Now let's download the spamminess module and the training traces I will use in this assignment. This will take a few minutes. The ls command at the end shows the files I have in this directory.

In [None]:
!wget -q https://student.cs.uwaterloo.ca/~cs451/W20/content/cs431/spamminess.py
!wget -q https://www.student.cs.uwaterloo.ca/~cs451/spam/spam.train.group_x.txt.bz2
!wget -q https://www.student.cs.uwaterloo.ca/~cs451/spam/spam.train.group_y.txt.bz2
!wget -q https://www.student.cs.uwaterloo.ca/~cs451/spam/spam.train.britney.txt.bz2

!bunzip2 spam.train.group_x.txt.bz2
!bunzip2 spam.train.group_y.txt.bz2
!bunzip2 spam.train.britney.txt.bz2
!ls

sample_data		spam.train.group_y.txt
spamminess.py		spark-2.4.7-bin-hadoop2.7
spam.train.britney.txt	spark-2.4.7-bin-hadoop2.7.tgz
spam.train.group_x.txt


In [None]:
from spamminess import spamminess
from math import exp

def sequential_SGD(model, training_dataset='spam.train.group_x.txt', delta = 0.002):
    # open one of the training files - defaults to group_x
    with open(training_dataset) as f:
      for line in f:

        def parse_line(line):
          els = line.split(' ')
          doc = els[0]
          t = els[1]
          F = els[2:]
          return doc, t, F

        doc, t, F = parse_line(line)

        # find the spamminess of the current document using the current model:
        score = spamminess(F, model)

        # squash the logit (log odds) i.e the score on a probability scale using sigmoid function.
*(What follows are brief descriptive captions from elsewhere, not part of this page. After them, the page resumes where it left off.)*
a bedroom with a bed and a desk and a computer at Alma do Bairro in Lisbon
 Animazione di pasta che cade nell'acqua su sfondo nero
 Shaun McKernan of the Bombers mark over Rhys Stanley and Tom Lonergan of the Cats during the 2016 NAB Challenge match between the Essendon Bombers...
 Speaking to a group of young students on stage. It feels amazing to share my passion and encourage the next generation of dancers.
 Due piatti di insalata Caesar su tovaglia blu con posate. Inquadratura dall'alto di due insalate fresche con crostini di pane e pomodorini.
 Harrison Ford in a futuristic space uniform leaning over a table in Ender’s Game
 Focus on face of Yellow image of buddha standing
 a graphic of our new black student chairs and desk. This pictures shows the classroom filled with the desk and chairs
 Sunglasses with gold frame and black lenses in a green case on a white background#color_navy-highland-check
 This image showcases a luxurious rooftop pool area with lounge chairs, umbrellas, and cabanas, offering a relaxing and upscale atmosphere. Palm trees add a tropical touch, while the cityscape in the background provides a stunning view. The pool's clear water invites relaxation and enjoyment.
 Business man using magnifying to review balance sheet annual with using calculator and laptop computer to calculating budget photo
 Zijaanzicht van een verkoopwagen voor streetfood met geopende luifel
Then, update the model.
        prob = 1.0/(1+exp(-score))

        for feature in F:

          if t == 'spam':
            if feature in model:
              #print("feature", feature, "in model. Update += ", (1.0-prob)*delta)
              model[feature] += (1.0-prob)*delta # looks like I are adding the error. true is 1 and error is 1-prob. but why add this error in prob.
            else:
              #print("feature", feature, "not in model. Set = ", (1.0-prob)*delta)
              model[feature] = (1.0-prob)*delta

          elif t == 'ham':
            if feature in model:
              #print("feature", feature, "in model. Update -= ", (prob)*delta)
              model[feature] -= (prob)*delta
            else:
              #print("feature", feature, "not in model. Set = ", (-prob)*delta)
              model[feature] = (-prob)*delta

    return model

In [None]:
model = sequential_SGD({}) # Providing an empty model
print(max(model.items(), key=lambda x:x[1]))
print(min(model.items(), key=lambda x:x[1]))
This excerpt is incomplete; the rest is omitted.